Neide, compreendo perfeitamente quando você diz que não dá pra voltar a ser a mesma depois de Senegal. É tudo tão tocante, tão difícil, mas ao mesmo tempo tão lindo. Acho que estou apaixonada por Senegal. Meu sonho é que ganhem qualidade de vida sem perder a essência do que são. O mundo não precisa se ocidentalizar para ser melhor, precisa apenas ser mais justo.

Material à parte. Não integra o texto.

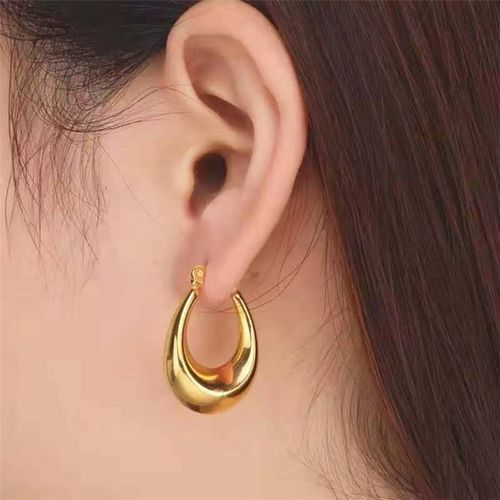 18K gold plated earrings, perfect for Christmas and stocking stuffers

Você como sempre tocando fundo em nosso âmago.
Bjs
Neide, não tenho dúvida, voce é uma verdadeira escritora, e das boas! Sua forma de escrever é tão gostosa que seus relatos estão longe de serem apenas informação, são também romance e poesia, com as características próprias desses gêneros, que é tocar a alma da gente.
Obrigada.
Beijo
Neide, continue nos apresentando o Senegal. Parece que estou caminhando por lá, conhecendo as pessoas, sentindo os cheiros e sabores. São pessoas maravilhosas que nos ensinam que a vida não precisa ser complicada e que para ser feliz basta o calor de uma fogueira e algumas sementes para se fazer uma festa.
Faustino Ferreira Antunes
O bicho molenga não!!!! AAAAAA!! já agoniei daqui.
Pelo menos em breve você vai deixar de ser míope! eu que tinha a visão maravilhosa, agora luto com três óculos, mas os míopes serão os primeiros!!
Nossa,o ferro de brasas e o chuveiro "regador de gente" me fez lembrar da infância e da casa de meus avós no interior de Minas. Onde mesmo hoje já não se vê, mais nada disso e mesmo sendo tudo mais difícil dá uma saudade! Se dicesse que havia goiabeiras na casa de um avô e na outra sempre uma avó fazendo beijú para os netos, acho que até choraria...enriquecedora sua experiência, mesmo através do blog, estar lá então,deve ser quase inexplicãvel.